Two reports from Beirut’s Al-Akhbar point to potentially catastrophic water problems about to affect Syria.
The lesser concerns Aleppo, where mortar shells and barrel bombs have slackened off but Islamist rebels have shut down the city’s potable water supply, forcing Aleppan residents in government-controlled areas to depend on wells and trucks for limited, contaminated, and expensive water. Lines of women and children “have become ubiquitous in front of mosque fountains and government wells in order to fill small containers such as cooking pots, teapots and plastic bottles as well as small barrels,” the paper reports. According to an official at the Syrian Red Crescent, “The situation signals a humanitarian and health disaster.”
The greater problem concerns the Euphrates River, the second longest waterway of the Middle East. Nearly all its volume originates in the Republic of Turkey, from which it flows into Syria and Iraq, ending in the Persian Gulf. It provides about one-third of Syria’s water supply. In the last few weeks, according to Al-Akhbar, the Turkish government completely stopped Euphrates waters from leaving Turkey and flowing into Syria, something made possible by the enormous reservoir behind its Atatürk Dam.
This action threatens water crises in Syria and Iraq . As one indication, the water level in Lake Assad, Syria’s largest body of water, has gone down by about 20 feet, according to the paper. Within days, some 7 million Syrians could be left without water as well as electricity. Al-Akhbar says that “a halt to the water supply is now inevitable and can’t be resolved unless the Turkish government takes the decision to resume pumping Euphrates water.” To make matters yet more worrisome, the fanatic Islamic State in Iraq and Syria (ISIS) group controls the Tishrin Dam, one of Syria’s three dams on the Euphrates.

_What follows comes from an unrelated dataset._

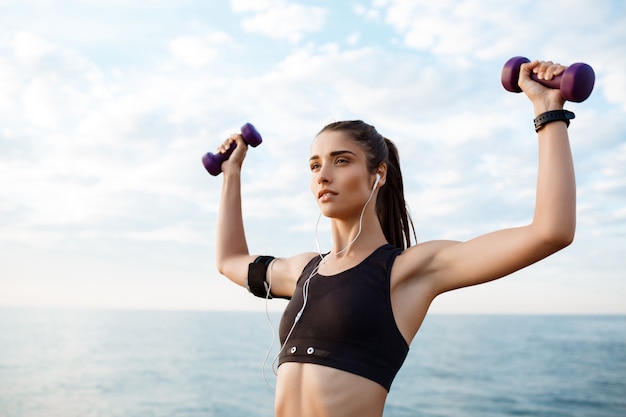 Joven hermosa niña deportiva entrenamiento al amanecer sobre el mar.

The Syrian civil war keeps getting more ferocious, vicious, and barbaric — not a surprise given that Islamists, both domestic and foreign, dominate the fighting on both sides.
Meanwhile, the Euphrates River contains some of the world’s most volatile and fearsome waterworks; the Mosul Dam in Iraq, for example, could collapse, killing millions. Again, given the three states involved (Turkey, Syria, and Iraq), this also ranks as less than a surprise.
Should terminal dehydration kill massive numbers of Syrians, this will likely prompt Western opinion to call for intervention.
Turkey’s AKP government has already shown itself callous about loss of life (recall the Soma coal-mine disaster). But is Prime Minister Erdogan really about to commit what appears to be genocide?